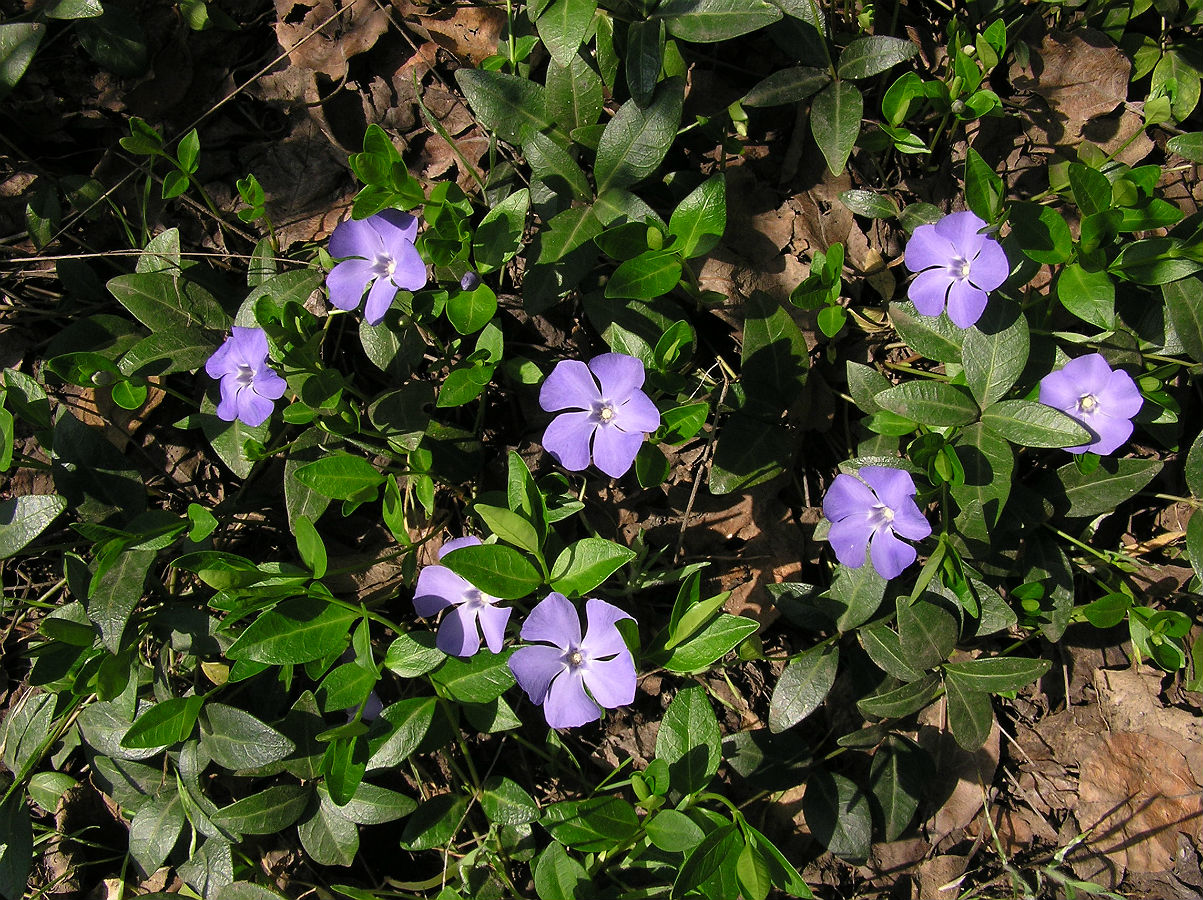 Image of Vinca minor specimen.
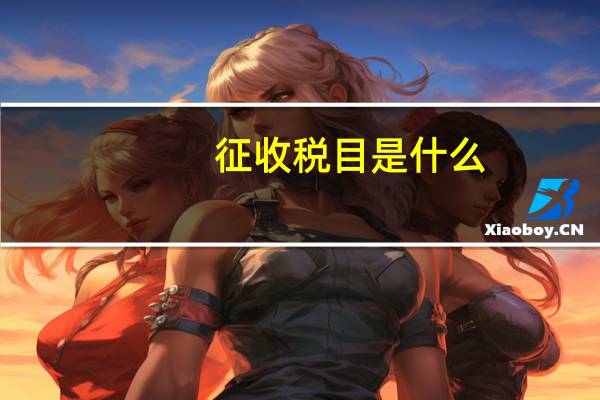 征收税目是什么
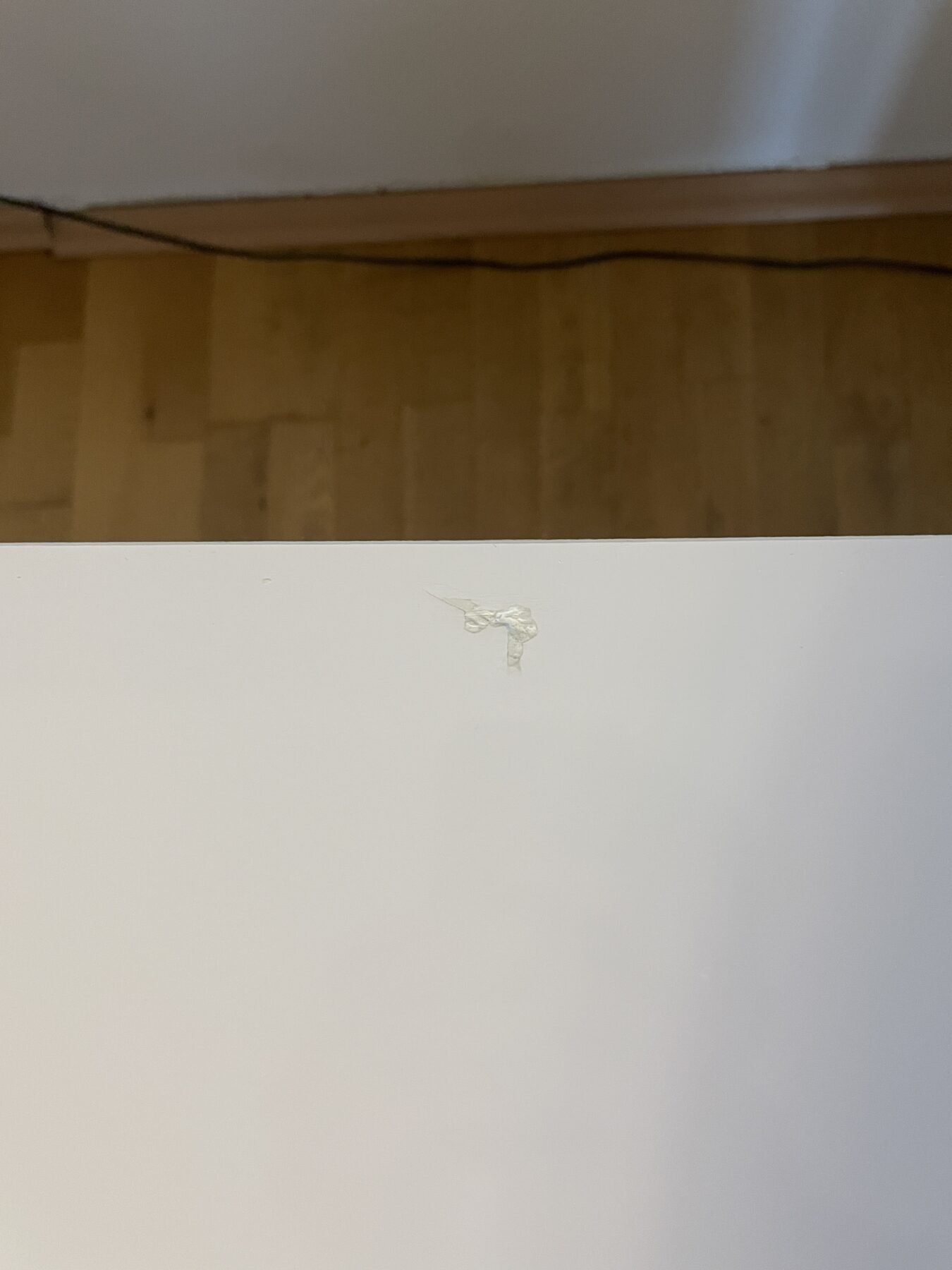IMG_6802-scaled-1.jpeg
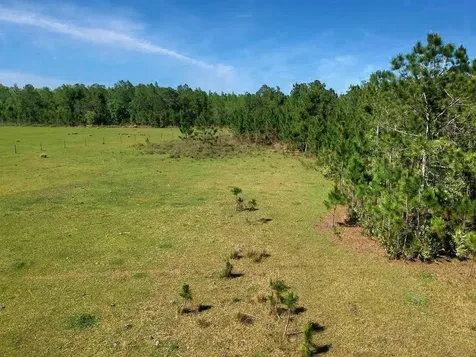 Deen Still Road E Road E Polk City FL 33868
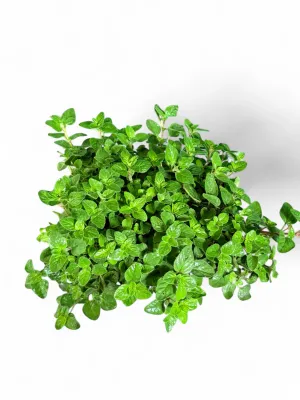 Marjoram Oregano Wild "Origanum" 6 Pack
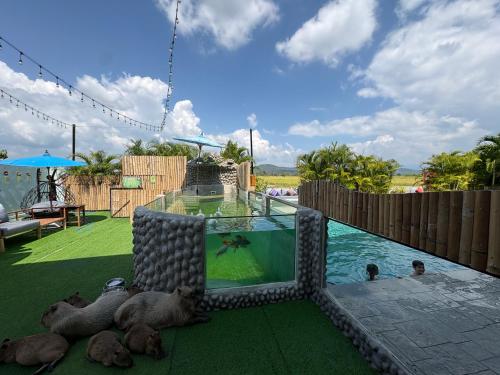 capybara zen resort and spa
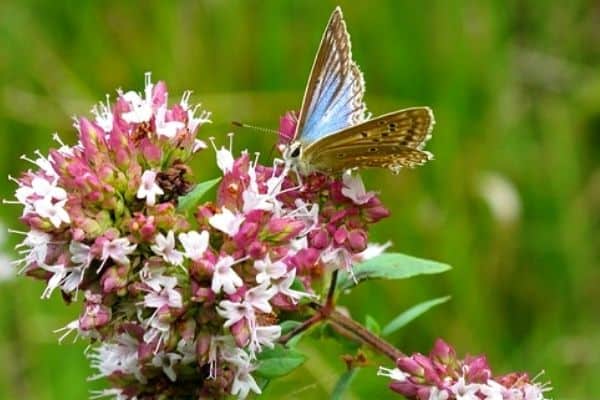 butterfly on oregano flower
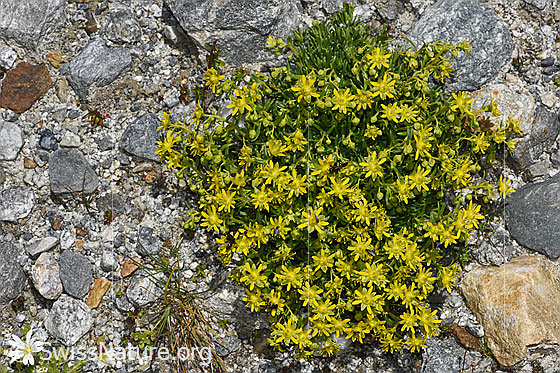 Foto: Bewimperter Steinbrech (Saxifraga aizoides). Ganze Pflanze (Habitus).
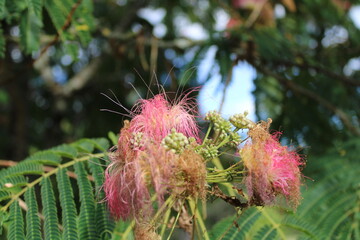 Silktree albizia, Persian Acacia, Persian Silk Tree, Arbre à soie, Acacia de Constantinople, Mimosa de Constantinople - Albizia julibrissin - Fabacées, Fabaceae
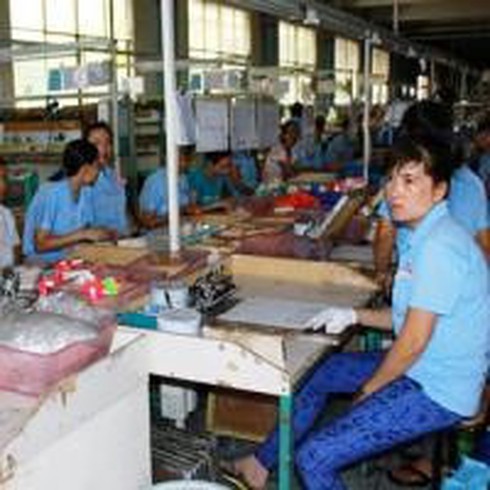 Doanh nghiệp VN hỗ trợ DN nước ngoài ở Bình Dương - ảnh 1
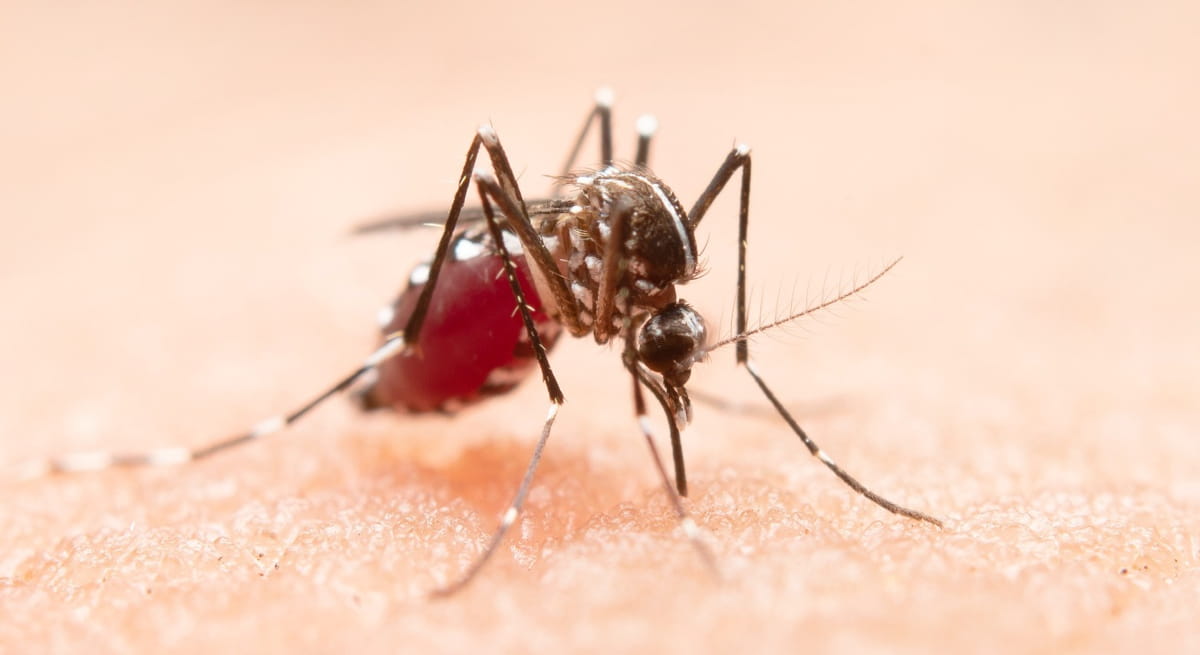O diagnóstico e tratamento tardios, a falta de profissionais familiarizados com a malária em áreas não endêmicas e a ocorrência de coinfecções também contribuem para a mortalidade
▬▬▬▬▬▬▬▬▬▬
WHAT YOU WILL DO> From the line containing "butterfly on oregano flower" through the line containing "Doanh nghiệp VN", copy every line above exactly, without pictures.

ANSWER AREA>
 butterfly on oregano flower
 Foto: Bewimperter Steinbrech (Saxifraga aizoides). Ganze Pflanze (Habitus).
 Silktree albizia, Persian Acacia, Persian Silk Tree, Arbre à soie, Acacia de Constantinople, Mimosa de Constantinople - Albizia julibrissin - Fabacées, Fabaceae
 Doanh nghiệp VN hỗ trợ DN nước ngoài ở Bình Dương - ảnh 1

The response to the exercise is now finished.